From the entries below, print exactly the span beginning with the line holding "DEWALT Screwdriver Bit" and ending with the line holding "Freeze-Dried Wet Food for Cats V2", endpoints included, and skip any pictures.

*** Opening Data ***

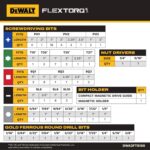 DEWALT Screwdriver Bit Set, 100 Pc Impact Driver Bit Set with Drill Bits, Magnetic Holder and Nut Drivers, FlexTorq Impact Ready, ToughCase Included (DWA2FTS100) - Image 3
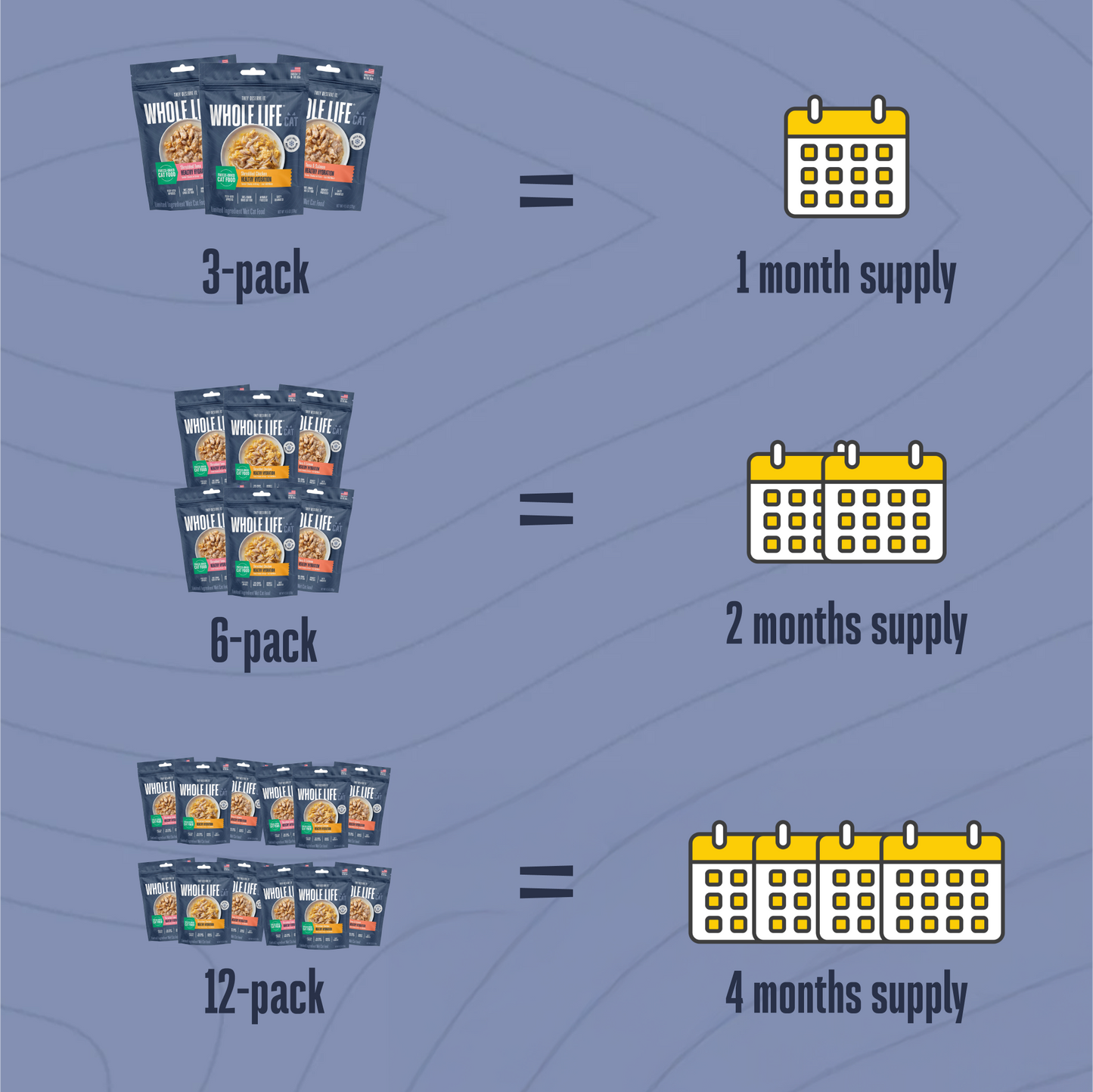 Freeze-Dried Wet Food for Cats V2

*** Closing Data ***
*** Opening Data ***

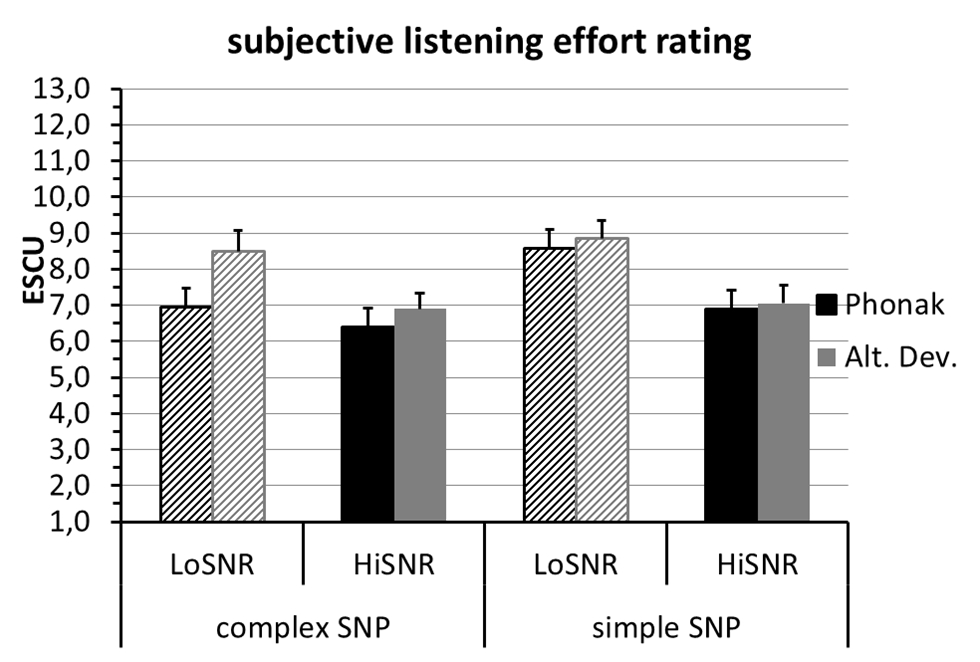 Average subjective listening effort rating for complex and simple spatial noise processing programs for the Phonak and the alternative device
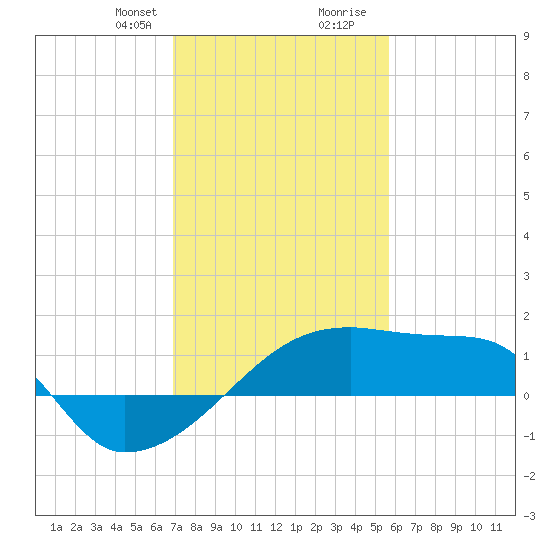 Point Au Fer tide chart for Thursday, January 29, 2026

*** Closing Data ***
*** Opening Data ***

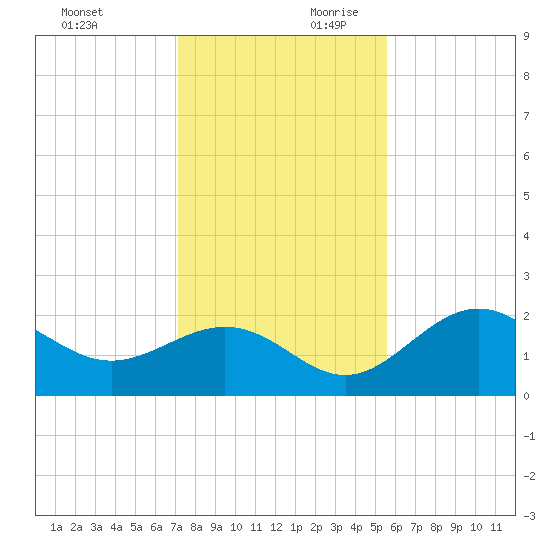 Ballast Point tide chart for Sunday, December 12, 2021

*** Closing Data ***

§ **Finished exercise**:
 DEWALT Screwdriver Bit Set, 100 Pc Impact Driver Bit Set with Drill Bits, Magnetic Holder and Nut Drivers, FlexTorq Impact Ready, ToughCase Included (DWA2FTS100) - Image 3
 Freeze-Dried Wet Food for Cats V2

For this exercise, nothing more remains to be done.